CRYSTAL LAKE – When it comes to helping the homeless, Tom McNamara never gets cold feet.
And he does his best to make sure those he helps don't get them either.
The retired special education teacher is ditching his Crystal Lake home for an RV that he takes around the country to provide the homeless with new, dry socks. McNamara has already distributed thousands of socks to people from Mississippi and Missouri to Arizona and New Mexico.
"The smiles you see when a kid gets a pair of dry, clean socks are incredible," he said. "It is definitely a need and most people look by that. All our other organizations do a great job, but they get jackets, hats, scarves, gloves; we forget socks."
McNamara was inspired to start his one-man charity tour after discovering the Joy of Sox – a Philadelphia nonprofit dedicated to giving socks to the homeless in the region. But the outgoing personality that gave him a passion for teaching also made him want more from his experience than giving socks.
So he sold his house, bought an RV and took his dog and Chevrolet Spark around the country in a tour he never plans on stopping. A year into his journey, he has heard heartbreaking stories from a 16-year-old Californian who was trying to make his way to New Orleans after his parents divorced and sent him away, to a veteran jailed one day for vagrancy then given a one-way bus ticket to become another city's "problem."

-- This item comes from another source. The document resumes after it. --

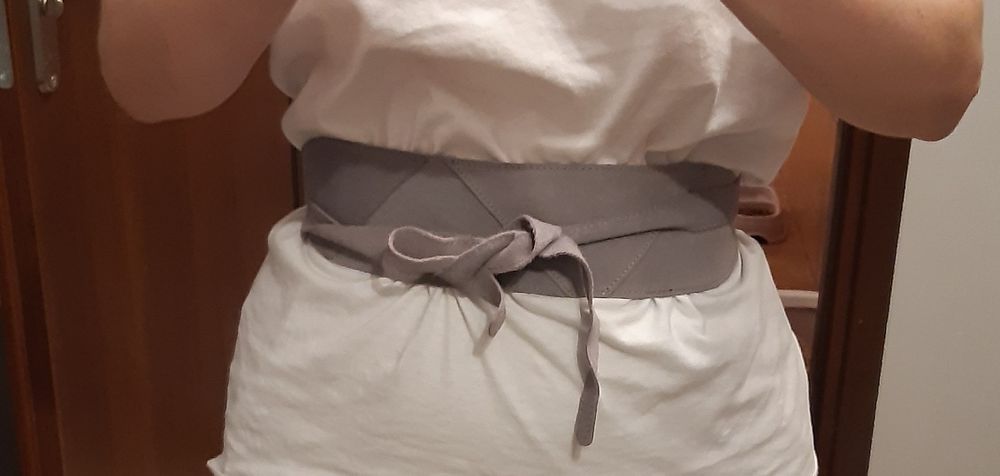 Sprzedam pasek Reserved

"I think some of the most heartbreaking have been the teenagers and veterans I've met," McNamara said. "Teenagers have kind of quit on society. They hear their parents and older adults giving up and don't see a future. They feel disposable and so do the vets. A lot of those veterans don't even want to be found."

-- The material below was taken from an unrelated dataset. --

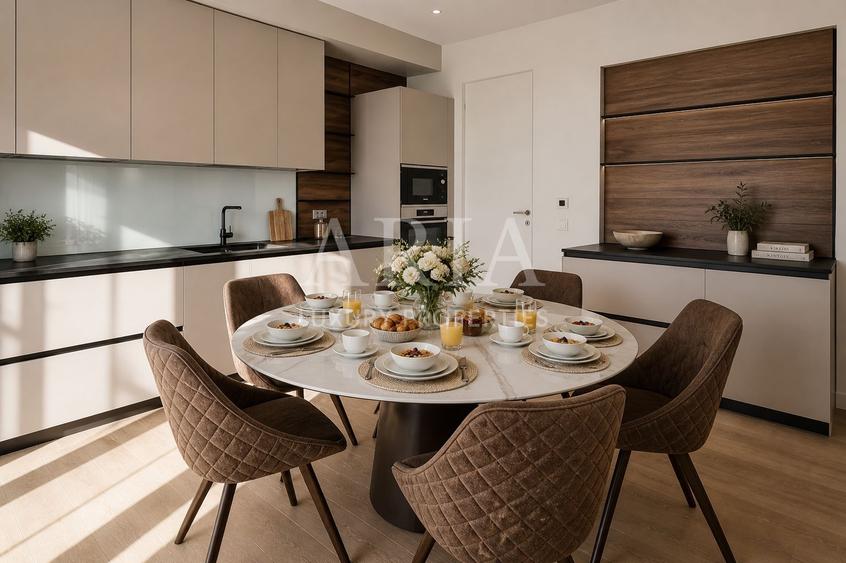Apartament cu 5 camere decomandat, mobilat în Arcul de Triumf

McNamara's experience has only fueled his desire to increase his efforts. His next trip will be to Phoenix where he will park his RV and then travel within a 350-mile radius in his small Chevrolet handing out the 5,000 socks he plans on bringing.
He said he has received great support early on including from teachers who have held class collections for socks and from families he has met on the road such as one in Louisiana that has started collections of its own. Any monetary donations he has received have only gone to buying more socks when he gets low, he said.
"Teaching to me was a great profession, but you never got that immediate feedback. It would take years before maybe a kid or two would come back and say you changed my life," McNamara said. "With this it is instant gratification. You hand them a pair of socks and they are jumping for joy. Right now I just see this going on until the end of my life."